1. At the beginning of the deposition, deposing counsel shall instruct the witness to ask deposing counsel, rather than witness' own counsel, for clarifications, definitions, or explanations of any words, questions, or documents presented during the course of the deposition. The witness shall abide by these instructions.

2. All objections, except those which would be waived if not made at the deposition, and those necessary to assert a privilege, to enforce a limitation on evidence directed by the court, or to present a motion pursuant to relevant law, shall be preserved. Therefore, those objections need not and shall not be made during the course of depositions.

3. Counsel shall not direct or request that a witness not answer a question, unless that counsel has objected to the question on the ground that the answer is protected by a privilege or a limitation on evidence directed by the court. .

4. Counsel shall not make objections or statements which might suggest an answer to a witness. Counsel's statements when making objections shall be succinct and verbally economical, stating the basis for the objection and nothing more.

5. Counsel and their witness-clients shall not engage in private, off-the-record conferences during depositions or during breaks or recesses, except for the purpose of deciding whether to assert a privilege.

6. Any conferences which occurs pursuant to, or in violation of, guideline above are a proper subject for inquiry by deposing counsel to determine whether there has been any witness - coaching.

7.Deposing counsel shall provide to the witness' counsel a copy of all documents shown to the witness during the deposition. The copies shall be provided either before the deposition begins or contemporaneously with the showing of each document to the witness. The witness and the witness's counsel do not have the right to discuss documents privately before the witness answers questions about them.

If there is no agreement on all points, I simply go to the Judge .

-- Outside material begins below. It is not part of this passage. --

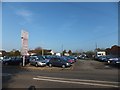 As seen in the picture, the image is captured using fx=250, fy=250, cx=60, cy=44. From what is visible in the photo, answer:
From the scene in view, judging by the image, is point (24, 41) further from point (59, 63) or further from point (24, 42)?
point (59, 63)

Videotaping the first deposition.

I now almost always videotape a the first deposition that I take with opposing counsel that has a reputation of being difficult. I find that usually that will tamp down the manner in which counsel acts. But now always. One firm had a young lawyer literally jump out of his chair, on camera, when about 2 hours into a deposition he objected and shouted "asked and answered!"
How do you handle it?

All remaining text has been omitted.